The perfect needle-drop can elevate a scene from merely effective to totally unforgettable. Think of The Ronettes' "Be My Baby" in the opening of Martin Scorsese's "Mean Streets," Michael Madsen dancing to Stealers Wheel's "Stuck in the Middle with You" as he tortures a police officer, or Max and Rosemary dancing to The Faces' "Ooh La La" as the curtain closes on "Rushmore." These moments and songs felt fated to find each other.

One of the most hauntingly memorable pairings of all time is Jonathan Demme's use of Q Lazzarus' "Goodbye Horses" in "The Silence of the Lambs." Ted Levine, as serial killer Jame Gumb (aka "Buffalo Bill"), dances in front of a mirror, admiring himself to a rather extreme degree ("I'd f**k me") as the kidnapped Catherine Martin (Brooke Smith) plots to take a hostage of her own (poor Precious). Lazzarus, who died July 19 at the age of 61, might've been unknown to the general public when the film hit theaters in February 1991, but Demme fans were already well acquainted with the artist due to the inclusion of "Goodbye Horses" on the superb soundtrack album for "Married to the Mob." Still, years later, one wonders how Demme came across this strange ditty, which sounded like nothing else on the radio at the time.

Q Lazzarus shoots her shot

We all know aspiring artists often work lousy service industry jobs to make ends meet while pursuing their dream. You might've been there before. If so, you might've had a chance encounter with a major player in the entertainment industry, and wondered if you should take a shot and slide them that screenplay or acting reel you keep in your backpack at all times.

For Lazzarus, it was a demo tape. It was 1985. She was driving a cab in New York City when Jonathan Demme hopped in the back of her cab home after finishing the final mix on Little Steven's star-studded "Sun City" video. When she ascertained that Demme was a big deal (his landmark Talking Heads concert film, "Stop Making Sense," had caught fire a year prior), she took her shot and threw her demo tape on the car stereo. As Demme told Rolling Stone in 2012, was astounded. "Oh my god, what is this and who are you," he asked.

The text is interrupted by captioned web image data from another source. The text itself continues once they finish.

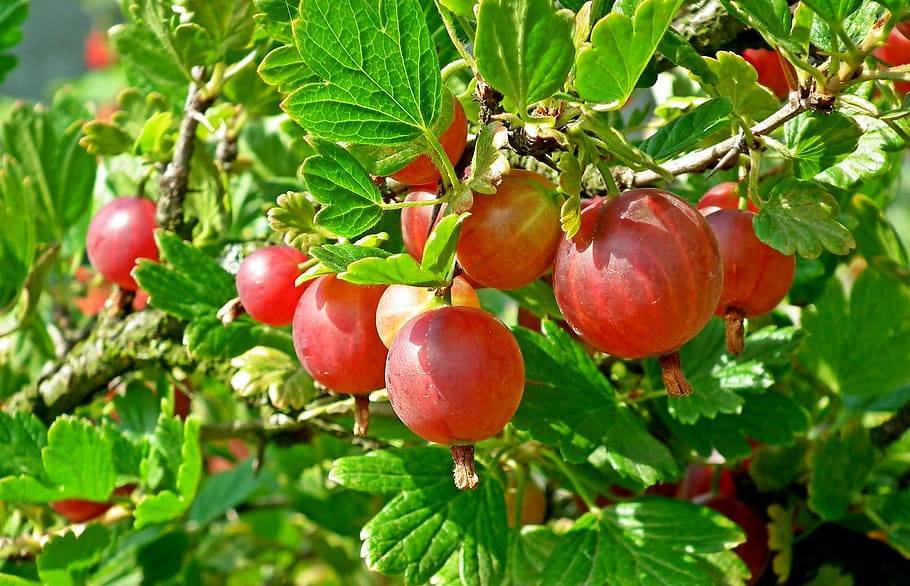 red-yellow fruits with lime-green leaves, green stems and brown branches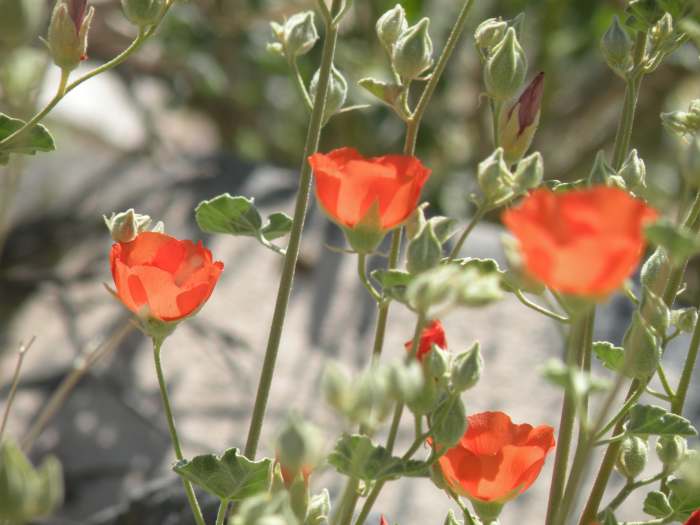 The bright orange of this plant stood out among the browns and grays in the wash. Watch out for rattlesnakes!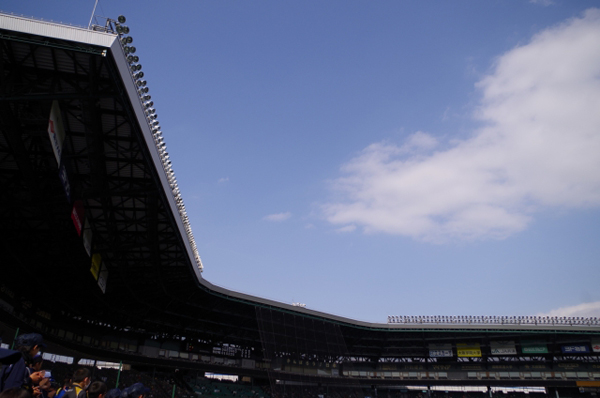 日本のプロ野球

A one-hit wonder, but, oh, what a hit

The song found its way into "Married to the Mob," and, shockingly, was not Demme's first choice for Buffalo Bill's swaying reverie. They considered songs by The Rolling Stones and David Bowie before settling on Bob Seger's "Her Strut," which is what Levine danced to on set. Do yourself a favor, and throw on that scene while blasting Seger's hard-rocking ode to babes with attitudes. That Demme could veer from that to "Goodbye Horses" is a testament to his unerring musical sense. No filmmaker before or since had a sharper ear.

Lazzarus' song popped at the time, and she turned up in Demme's "Philadelphia" two years later to cover the Talking Heads' "Heaven." But she quit the music business in 1996 and disappeared, resurfacing only recently to DM with musician Kelsey Zimmerman on Twitter. Lazzarus' (whose real name was Diane Luckey) confirmed that she was through with music, and added that she'd been driving a bus in Staten Island for many years. It's a rough industry, and there's probably much more to the story of Lazzarus' abrupt retirement. But there's not a struggling artist in the world who wouldn't give everything to have just one moment in the sun like Lazzarus enjoyed with "Goodbye Horses."